Ища ночлега и приключений, я пошёл по одной из бесконечных улиц города. Базар вскоре кончился и начались мастерские: жестянщики, резинщики (делающие из старых шин вёдра для воды, сандалии и прочее), мебельщики… Почему-то они тоже не спешили приглашать меня на ночлег, предлагали лишь чай — этим дело и ограничивалось. Я зашёл в одну из мечетей, но сторож мечети сделал такое выражение лица, что я скорее совершил намаз и убрался вон.
За мечетью обнаружилось кладбище, довольно большое. Из земли торчали небольшие камни, и могильные плиты с надписями побольше, и разные флаги, тоже могильные. Был уже вечер. Неподалёку от меня на кладбище сидели дядьки и почтенные старики и беседовали о чём-то, но вскоре прервали беседу, уставившись на меня.
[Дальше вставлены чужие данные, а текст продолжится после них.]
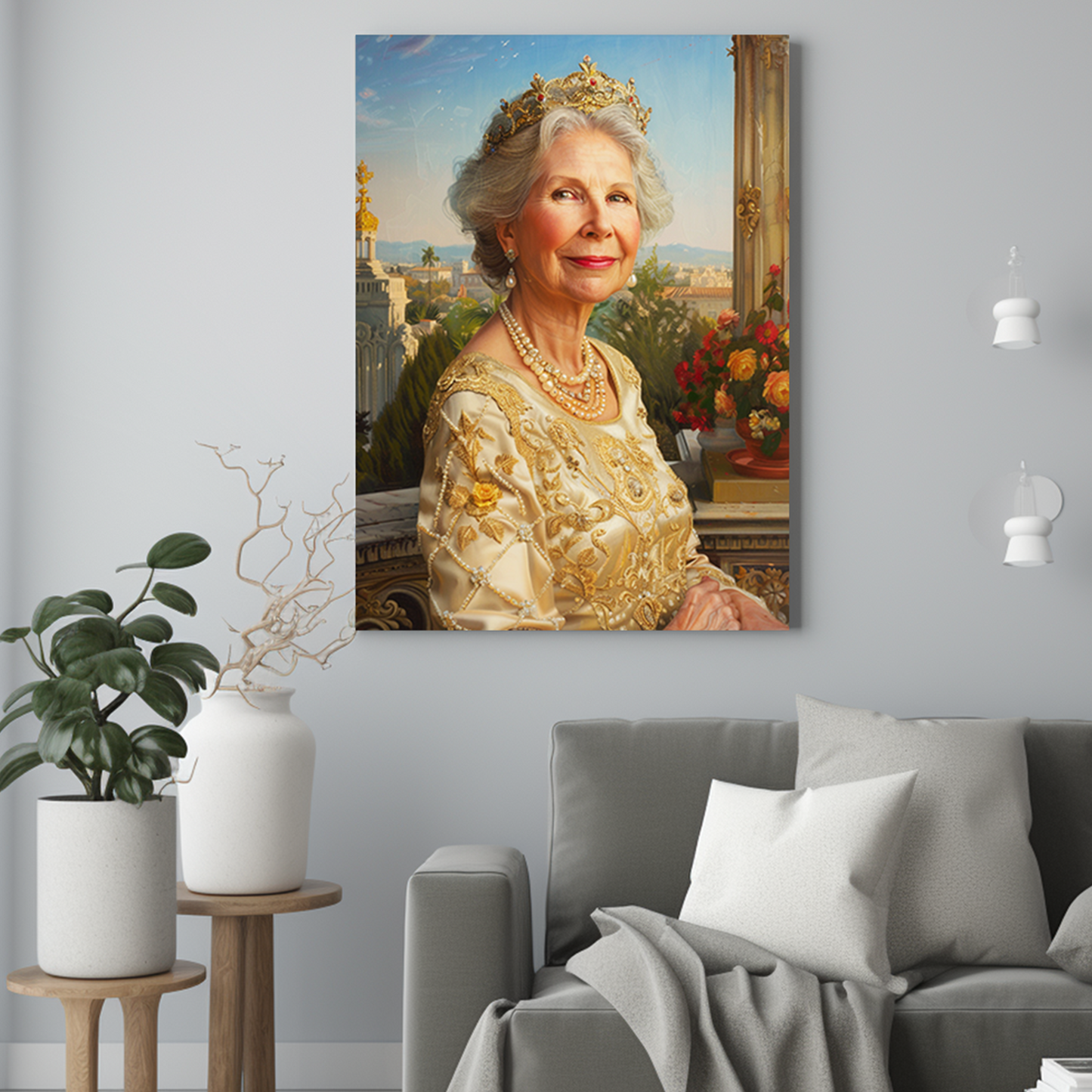 Mama królowa na balkonie - Portret ze zdjęcia na prezent dla kobiety
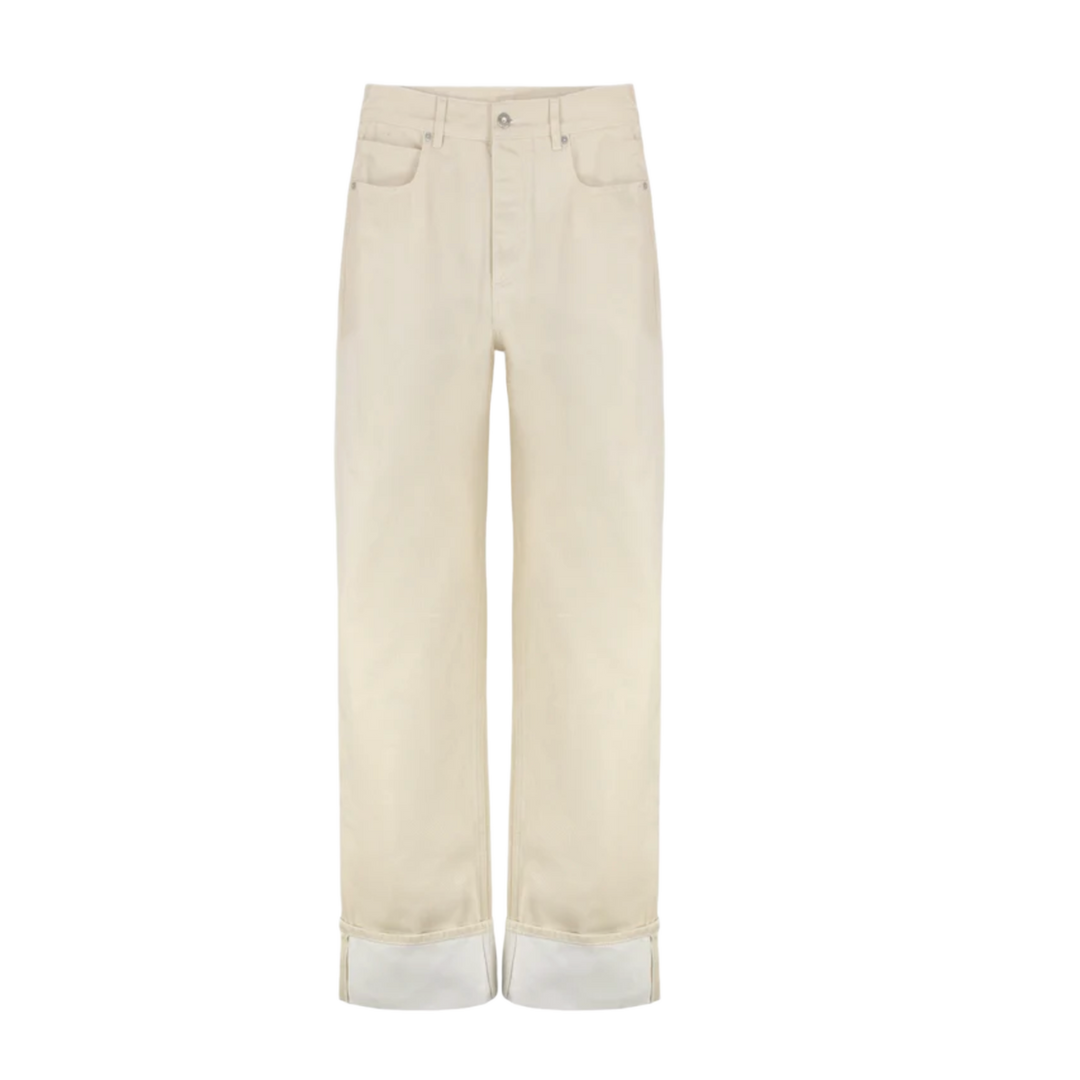 Bottega Veneta 'Cream' Turned Up Straight Leg Jeans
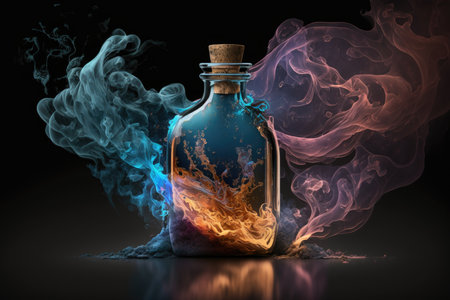 Colorful magic potion in a bottle with fire and smoke on black backgroundの素材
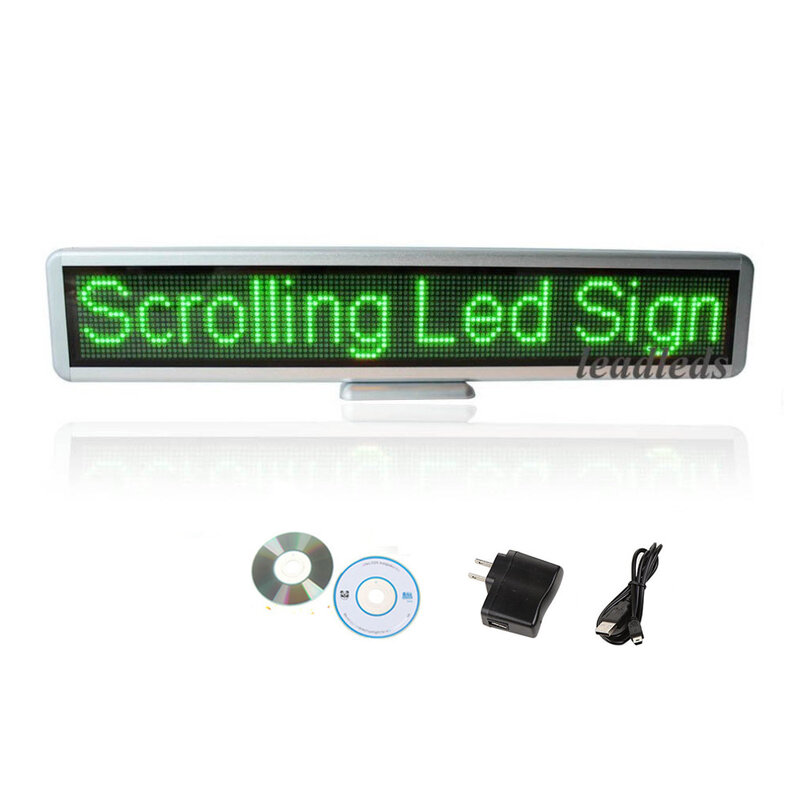Tablero de publicidad de escritorio, señal de mensaje LED programable SMD, 56cm, 16x128-pantalla verde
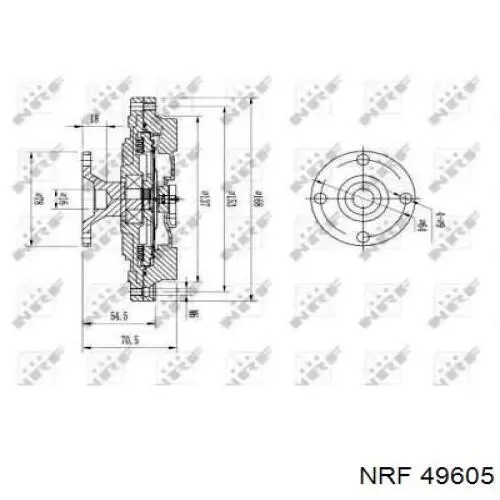 49605 NRF вискомуфта, вязкостная муфта вентилятора охолодження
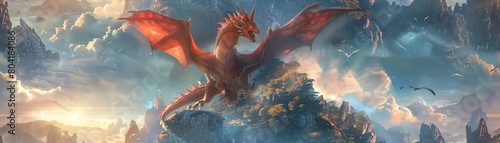 Experience a breathtaking aerial view of mythical creatures in a virtual reality world Imagine dragons soaring, unicorns galloping, and griffins flying at unseen angles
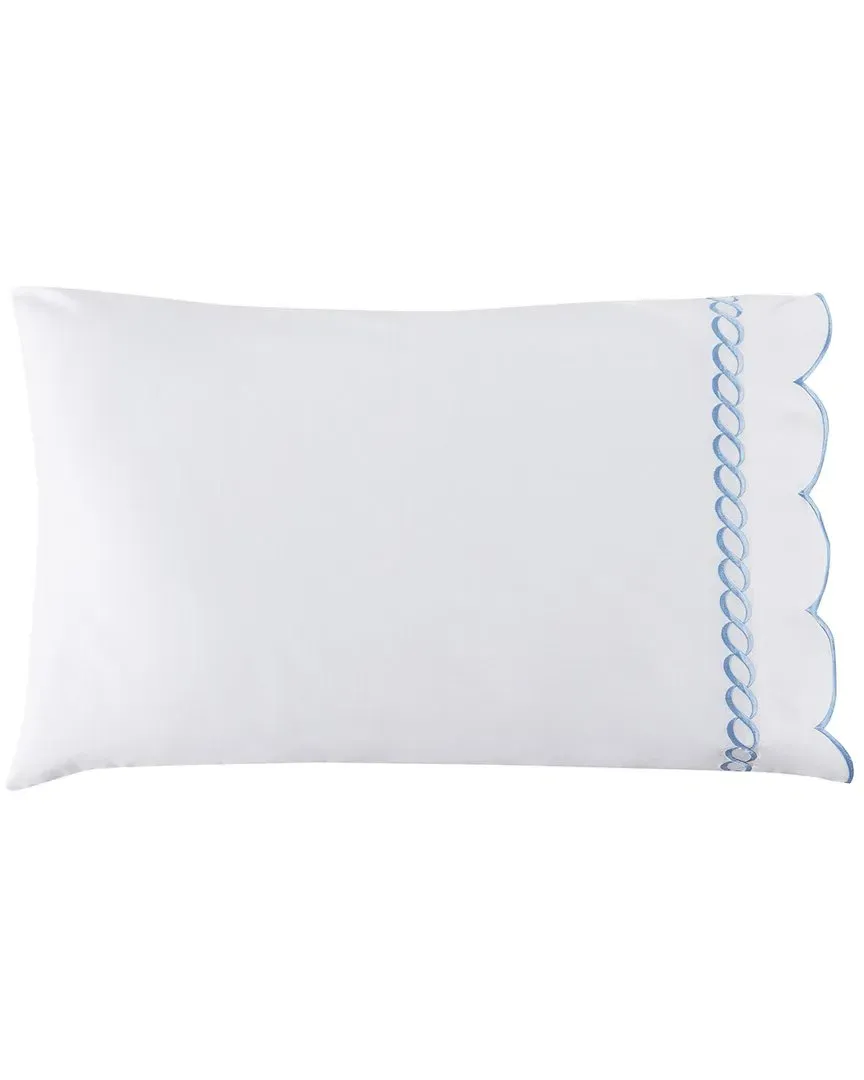 600 Thread Count Scallop Rope Embroidery Pillowcases - Blue image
Я подошёл, поздоровался и сел среди них.
Явление белого человека с рюкзаком на кладбище вызвало большое удивление. Через несколько минут я уже был окружён плотным кольцом людей — человек шестьдесят. Я ждал приглашения в гости. Любопытные, но осторожные кабульцы не спешили. Наконец, появился некий англоговорящий парень.
— Что ты делаешь здесь? Ты кого-то ищешь? — поинтересовался он у меня.
— Я ищу место для того, чтобы переночевать, — честно отвечал я. — Хочу, чтобы кто-нибудь меня позвал в гости на ночлег. Например, ты!
Стараюсь не вести окольных бесед и задаю вопрос "в лоб". Конечно, можно сказать, например: хочу чай, а за чаем напроситься на ночлег. Но когда ко мне в Москве люди просятся в гости, я предпочитаю, чтобы позвонившие и пришедшие объявляли сразу и честно объявляли цель визита! А я им сразу и отвечаю, можно или нельзя. И сам, ища ночлег в других странах и городах, сразу задаю вопрос по существу: "можно — спать — у тебя в доме?"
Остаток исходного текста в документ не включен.